El grito sonó claro. Un hombre. Detrás de él se movían más sombras, pero era imposible saber de cuántas personas se trataba.

—¡Voy a abrir la puerta! ¿Está bien?

La voz se perdía entre el ruido del rascado y los golpes. Berit se acercó a la puerta. Respondió gritando:

—¿Quiénes sois?

—¡Dejadnos entrar! Somos…

La respuesta se perdió. Tal vez se la llevara el viento, tal vez así lo quiso nuestro interlocutor.

El hombre tiró de la puerta. Berit lo pensó un instante, mirando a Johan, que hizo un gesto de asentimiento con la cabeza. Ella apoyó el hombro en la puerta y empujó. El viento irrumpió en la habitación y la nieve se arremolinó en la corriente de aire. En cuanto la abertura fue lo bastante grande, el primero de los hombres entró y cerró inmediatamente la puerta. Luego se colocó delante, como si quisiera evitar que los que aún estaban fuera lo siguieran. O tal vez quisiera impedirnos salir a nosotros. Al menos parecía muy decidido, con las piernas separadas y los brazos levantados, como un airado portero de un club nocturno demasiado solicitado.

Era muy alto y llevaba pantalones protectores del viento, unas botas enormes y un anorak de montaña. Un jersey de lana le asomaba por debajo del anorak. Estaba cubierto de pequeños copos de nieve. Tomó aliento y se quitó el gorro, luego se desenrolló la bufanda y empujó hacia arriba las gafas de nieve.

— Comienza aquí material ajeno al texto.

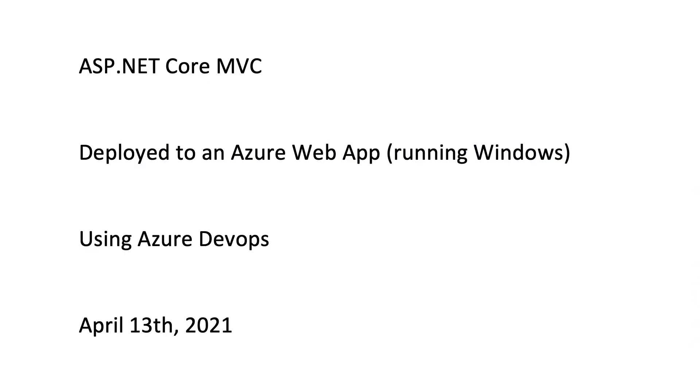So what did we do? We created an ASP.NET Core MVC app. We deployed it to Azure Web App, running Windows, and we used Azure DevOps to do all of that. I hope you found this helpful.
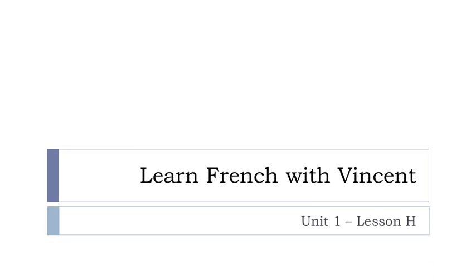Bonjour à tous, hi everyone and welcome to Learn French with Vincent. This is UNITÉ, leçon H.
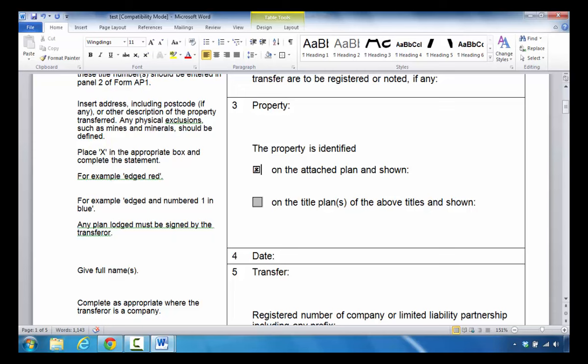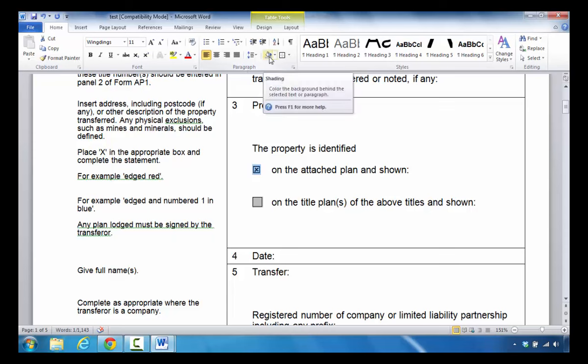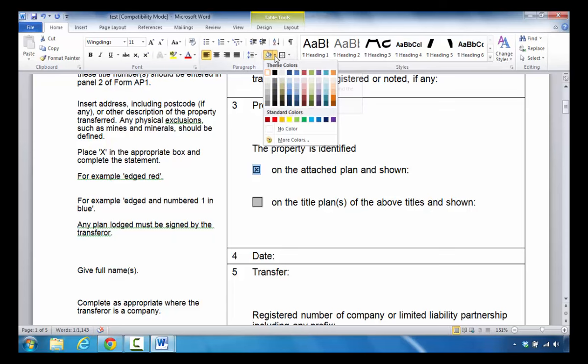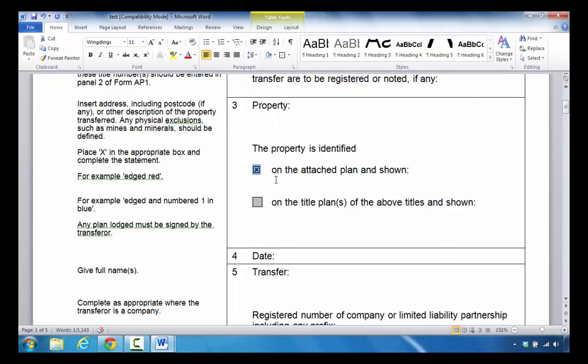What you can do is highlight that particular box. In order to fill it with gray shading, take a look in the paragraph group. If you hover over this area, you'll notice it says shading. Click on the drop-down and select the color you want for that box. Now when you deselect, you'll notice that it has that color as the shading.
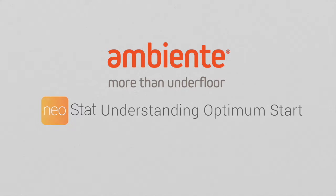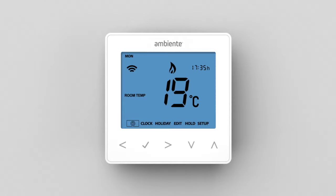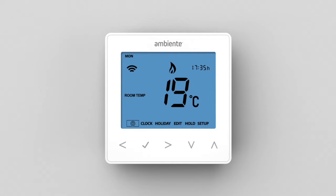Understanding Optimum Start. Conventional heating systems begin heating at set times, eventually reaching the set temperature. Optimum Start ensures your home heating is at the set temperature for the set time. Through calculating heat-up times, Optimum Start ensures no energy is wasted by delaying the start-up of heating until the last possible moment.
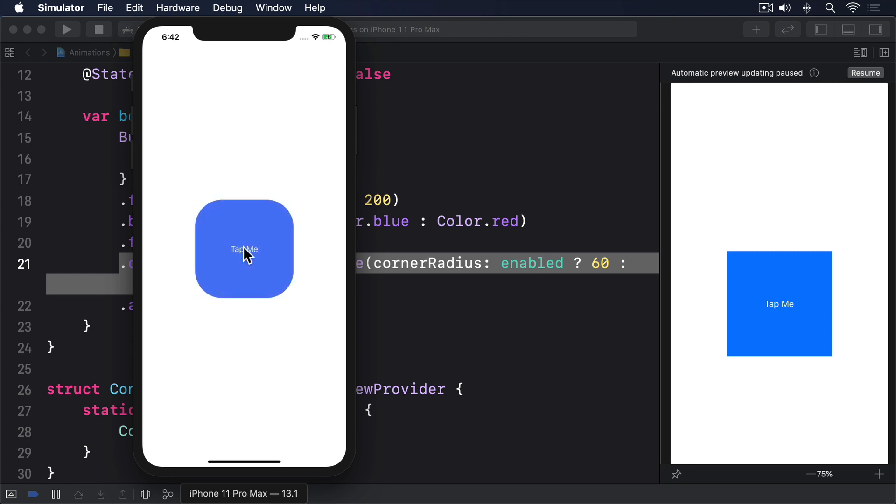So the order in which we apply animations matters. Only changes that occur before the animation modifier get animated.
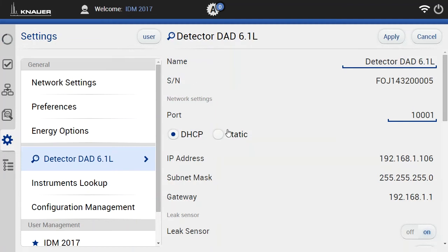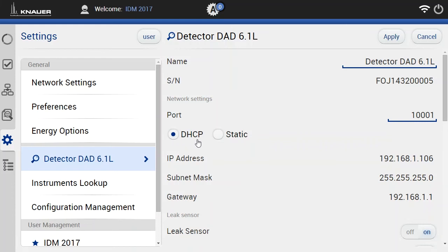So the name, the serial number, and most important for us, the IP address here. And this IP address was automatically given by the router to the instrument via the DHCP protocol. So this here is a dynamic IP.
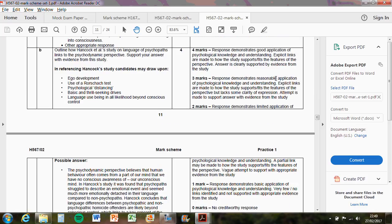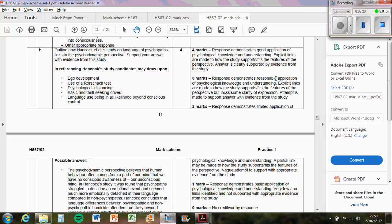On the banding on the right hand side, for four marks, it says response demonstrates good application of psychological knowledge and understanding. The questions build on each other, it's one A and one B. So you need to know the assumptions of the approaches to then be able to link the studies to them. It says explicit links are made to how the study supports or fits the features of the perspective, which as the answer showed, it does. It talks about how the language of the psychopath is not in conscious control. And that's how you get four marks for that study.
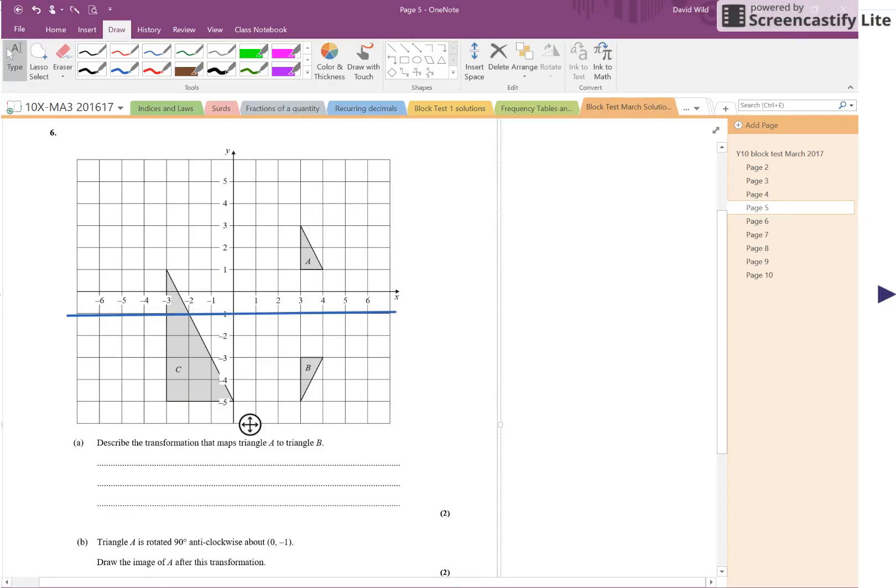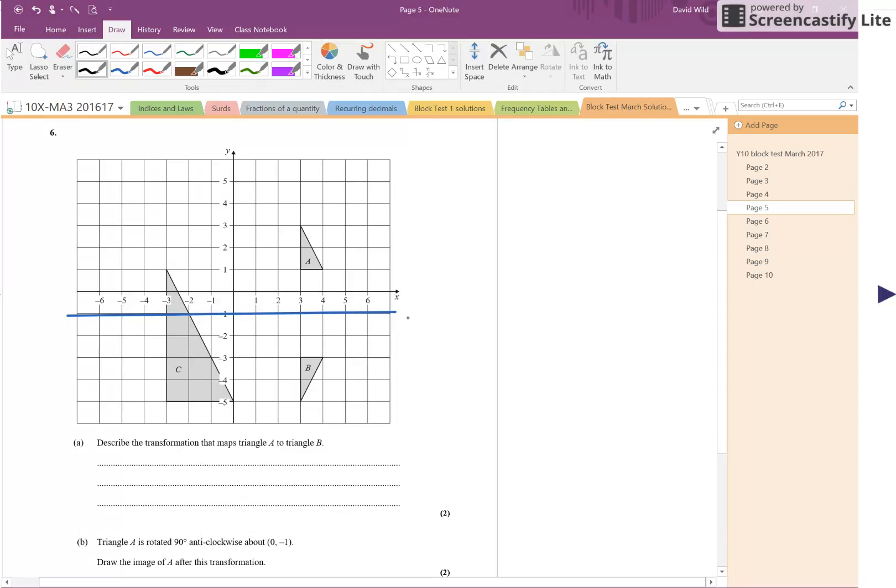Okay, so what is the equation of this line? The equation of this line is Y is equal to minus one.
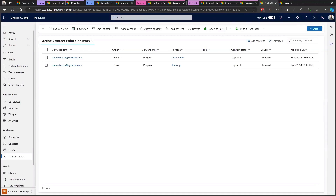Along with that, there are compliance profiles, double opt-in, preference and subscription centers, and more. I highly recommend checking out our fast class on consent and compliance, or any of Microsoft's resources on the topic.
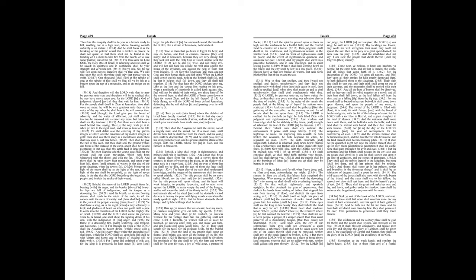For my sword shall be bathed in heaven, behold, it shall come down upon Idumea, and upon the people of my curse, to judgment. The sword of the Lord is filled with blood, it is made fat with fatness, and with the blood of lambs and goats, with the fat of the kidneys of rams, for the Lord hath a sacrifice in Bozrah, and a great slaughter in the land of Idumea. And the unicorns shall come down with them, and the bullocks with the bulls, and their land shall be soaked with blood, and their dust made fat with fatness. For it is the day of the Lord's vengeance, and the year of recompenses for the controversy of Zion.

Miró a su alrededor sin decir nada. Pequeñas rosetas de hielo se le habían pegado a la cara a pesar de la bufanda, el gorro y las gafas de nieve. Tenía el rostro delgado, pero sus facciones eran muy marcadas, casi hermosas, debajo del pelo oscuro y canoso que le humedecía la frente. A la espalda llevaba una mochila de excursionista. Tendría que pesar más de lo que indicaba su tamaño, pues las correas se le clavaban profundamente en los hombros.

Traté de entender lo que estaba ocurriendo. Mi cerebro intentaba encontrar una explicación, una conexión lógica en un proceso de pensamientos que se hacía demasiado largo.

Cuando el hombre me vio, se puso rígido, antes de esbozar una sonrisa y dar finalmente un paso hacia mí.

—Hanne —dijo con un respiro de alivio—. Nunca me había alegrado tanto de verte como en este momento.